Pizatella to seek Democrat nomination for state auditor

CHARLESTON, W.Va. — Saying he’s given it a lot of thought in recent months, state Administration Secretary Jason Pizatella announced on MetroNews “Talkline” Monday he’ll be a candidate for the Democrat nomination for state Auditor in 2016.

“I think the time is right,” Pizatella told MetroNews.

Jason Pizatella
Jason Pizatella

The time became much more inviting when longtime state Auditor Glen Gainer, also a Democrat, announced he would not seek reelection after this term.   Republican J.B McCuskey had announced he would see the Republican nomination even before Gainer’s decision.

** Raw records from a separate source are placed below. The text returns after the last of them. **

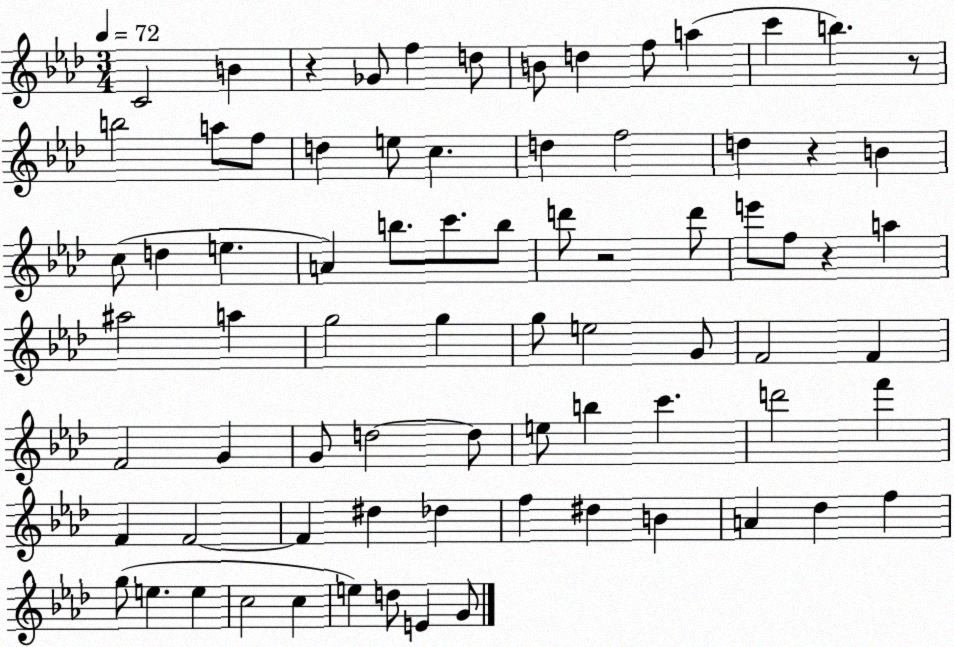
X:1
T:Untitled
M:3/4
L:1/4
K:Ab
C2 B z _G/2 f d/2 B/2 d f/2 a c' b z/2 b2 a/2 f/2 d e/2 c d f2 d z B c/2 d e A b/2 c'/2 b/2 d'/2 z2 d'/2 e'/2 f/2 z a ^a2 a g2 g g/2 e2 G/2 F2 F F2 G G/2 d2 d/2 e/2 b c' d'2 f' F F2 F ^d _d f ^d B A _d f g/2 e e c2 c e d/2 E G/2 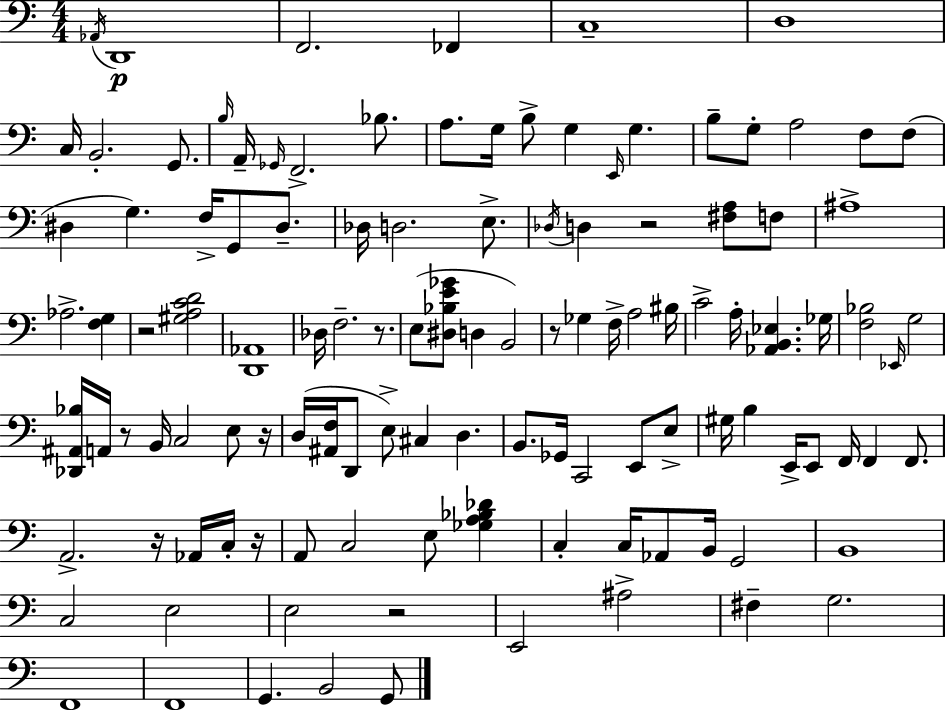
X:1
T:Untitled
M:4/4
L:1/4
K:C
_A,,/4 D,,4 F,,2 _F,, C,4 D,4 C,/4 B,,2 G,,/2 B,/4 A,,/4 _G,,/4 F,,2 _B,/2 A,/2 G,/4 B,/2 G, E,,/4 G, B,/2 G,/2 A,2 F,/2 F,/2 ^D, G, F,/4 G,,/2 ^D,/2 _D,/4 D,2 E,/2 _D,/4 D, z2 [^F,A,]/2 F,/2 ^A,4 _A,2 [F,G,] z2 [^G,A,CD]2 [D,,_A,,]4 _D,/4 F,2 z/2 E,/2 [^D,_B,E_G]/2 D, B,,2 z/2 _G, F,/4 A,2 ^B,/4 C2 A,/4 [_A,,B,,_E,] _G,/4 [F,_B,]2 _E,,/4 G,2 [_D,,^A,,_B,]/4 A,,/4 z/2 B,,/4 C,2 E,/2 z/4 D,/4 [^A,,F,]/4 D,,/2 E,/2 ^C, D, B,,/2 _G,,/4 C,,2 E,,/2 E,/2 ^G,/4 B, E,,/4 E,,/2 F,,/4 F,, F,,/2 A,,2 z/4 _A,,/4 C,/4 z/4 A,,/2 C,2 E,/2 [_G,A,_B,_D] C, C,/4 _A,,/2 B,,/4 G,,2 B,,4 C,2 E,2 E,2 z2 E,,2 ^A,2 ^F, G,2 F,,4 F,,4 G,, B,,2 G,,/2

“It’s an office that is responsible for one of the cornerstones of any government, that is transparency, accountability, and fiscal responsibility,” Pizatella said. “I think I’ve spent the last five years in public service doing exactly that.”

Prior to becoming Administration Secretary, he served as the Legislative Liaison for the Tomblin Administration.

Gainer had drawn a lot of criticism for the complicated and expensive effort to modernize the state government’s accounting software.   He drew even more heat when controversy arose over his plan to transition the state government payroll from bi-monthly to every two weeks.   Some have criticized the plan which they believe will short change some state workers while giving bonus cash to others in certain years.

“We went from 24 pays to 26 pays and in every leap year you have a 27th pay,” said Pizatella. “Instead of dividing by 26 and giving everybody that extra pay in that year when there’s 27, you simply divide by 27.”

Pizatella thought it was the most simple and most fair way to fix the controversy, but he added the bi-weekly pay scale was one he would still support.

“It provides stability, it provides transparency, and it standardizes the work week throughout all of state government,” he said.

Pizatella added he was also supportive of the new software although he admitted with any massive change such as this one there were problems that would need to be worked out.  He believed he was the man to lead the effort.

“It’s something we’re going to work with the legislature over the next 60 days to get right,” he said. “But make no mistake, West Virginia needed this system and it’s one that will cause benefits and cost savings to the taxpayers of West Virginia into the hundreds of millions of dollars over the next 10 to 20 years.”

Pizatella said he would resign his position prior to officially filing to run for the Auditor’s office.